Plusieurs des queens de RuPaul’s Drag Race ont donc pris la parole, après l’annonce du casting, pour se rallier à Detox. Aja, candidate emblématique de la saison 9 a également fait part de sa colère sur Twitter : « Refuser aux femmes trans la plus grosse émission de drag (dont elles sont les pionnières) est un problème et nous le savons tous. Rappelons-nous que tous les espaces de travail ne sont pas trans-friendly, et le drag est l’un des principaux revenus de beaucoup de personnes trans. Interdire aux femmes trans de gagner leur vie, de montrer leur art, au nom du capitalisme et des Emmy awards. La plupart des queens de RuPaul Drag’s Race s’inspirent de l’héritage des performers trans. Cela ne devrait pas être effacé. Cela devrait être célébré. Le drag n’a jamais été juste « un mec déguisé en fille ». Ca a toujours été beaucoup plus. » 

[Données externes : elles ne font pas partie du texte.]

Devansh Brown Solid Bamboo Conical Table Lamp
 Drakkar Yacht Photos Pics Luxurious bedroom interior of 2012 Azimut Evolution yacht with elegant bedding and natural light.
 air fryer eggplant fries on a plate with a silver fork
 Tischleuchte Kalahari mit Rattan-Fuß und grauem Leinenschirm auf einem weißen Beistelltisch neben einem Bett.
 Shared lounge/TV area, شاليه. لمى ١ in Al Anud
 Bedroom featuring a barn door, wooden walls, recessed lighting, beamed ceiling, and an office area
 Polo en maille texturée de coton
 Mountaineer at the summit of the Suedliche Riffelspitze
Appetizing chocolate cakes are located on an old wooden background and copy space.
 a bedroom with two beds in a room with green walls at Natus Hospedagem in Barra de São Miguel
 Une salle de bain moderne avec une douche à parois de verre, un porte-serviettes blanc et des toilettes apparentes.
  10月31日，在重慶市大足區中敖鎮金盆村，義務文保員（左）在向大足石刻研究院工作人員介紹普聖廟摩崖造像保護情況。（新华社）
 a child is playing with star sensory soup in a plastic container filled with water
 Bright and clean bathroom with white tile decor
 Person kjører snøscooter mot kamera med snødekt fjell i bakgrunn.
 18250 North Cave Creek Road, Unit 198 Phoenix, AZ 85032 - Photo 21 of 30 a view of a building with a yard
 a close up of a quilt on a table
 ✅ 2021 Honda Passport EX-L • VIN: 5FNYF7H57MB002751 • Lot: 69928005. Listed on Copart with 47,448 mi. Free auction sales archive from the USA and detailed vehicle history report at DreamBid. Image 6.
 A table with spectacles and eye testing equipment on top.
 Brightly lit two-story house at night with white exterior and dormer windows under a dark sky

Il faut dire que pour certaines personnes, le drag peut être une étape vers l’acceptation de sa transidentité. Cassidy Liebman, homme trans et drag king, expliquait au magazine en ligne Them en mars 2018 : « le drag a été essentiel à mon coming out. C’était la première fois que j’étais perçu d’une façon qui ressemblait davantage à ce à quoi je m’identifiais. » Depuis sa création, 8 candidates de RuPaul’s Drag Race ont fait leur coming out trans, majoritairement après la diffusion du show. On compte également de nombreuses personnes non-binaires, comme Courtney Act, ou Sasha Velour. Laquelle n’a pas manqué de réagir à cette polémique, en disant qu’elle ne croyait pas que le drag show le plus célèbre du monde s’ouvrirait davantage à la diversité… Mais ça tombe bien, elle lance le sien. Et elle l’assure : celui ci sera inclusif.